Start the day with a protein source. A good Breakfast helps to avoid energy dips mid-day, and provides the brain with much needed fuel after ~12 hours of being in overnight fasting mode.
Eat at least three meals a day and plan your meals ahead of time. Planning ahead helps avoid rushing into buying less healthy options in often large portion sizes.
Balance your plate with a variety of foods. Half your plate should be filled with fruits and vegetables, about 1/4 with lean meat, poultry or fish, and 1/4 with grains. You can also add fat- free or low-fat milk, yogurt or cheese.
Start your meal with low calorie foods like fruits, vegetables, soups and salads.
Be mindful when eating. Pick one place to sit down and eat at home. Eating while doing other things may lead to eating more than you need. Also, switching from a large plate to a smaller one may help you feel satisfied with reduced portions.
Know when you’ve had enough to eat.
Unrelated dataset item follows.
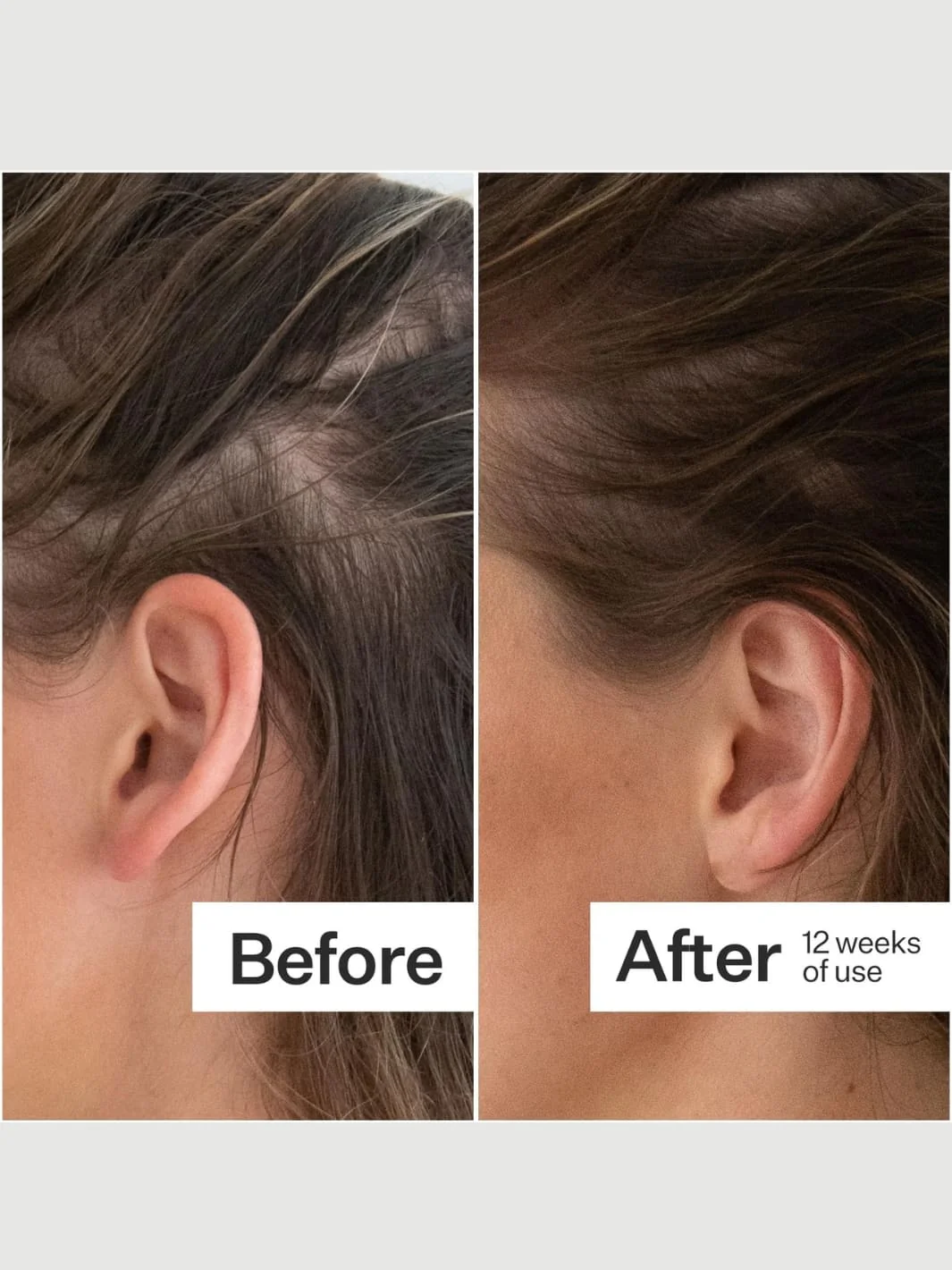 Plant Based Hair Capsules - Image 3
Stop eating before you feel full or stuffed. It takes about 20 minutes for your brain to get the message that your body is getting food. When your brain gets this message, you stop feeling hungry. So, fast eaters—slow down and give your brain a chance to get the word.
Get plenty of fiber from fruits, vegetables, beans and whole grains. Fiber can help you feel full longer, help you eliminate waste products with ease and lower your risk for heart disease and type 2 diabetes.
Watch portion sizes. Eating the right amounts of food is important so that we don’t overeat and feel fatigue after meals. Napping after meals keeps the gut feeling heavy and can contribute to reflux.
Snack smart. Include snacks as part of your daily calorie allowance and limit portions to one serving. Plan for nutritious snacks to prevent between-meal hunger. Keep portable, healthy snacks in your desk or car. Nuts, veggies & hummus, protein bars, and fruits are all great options.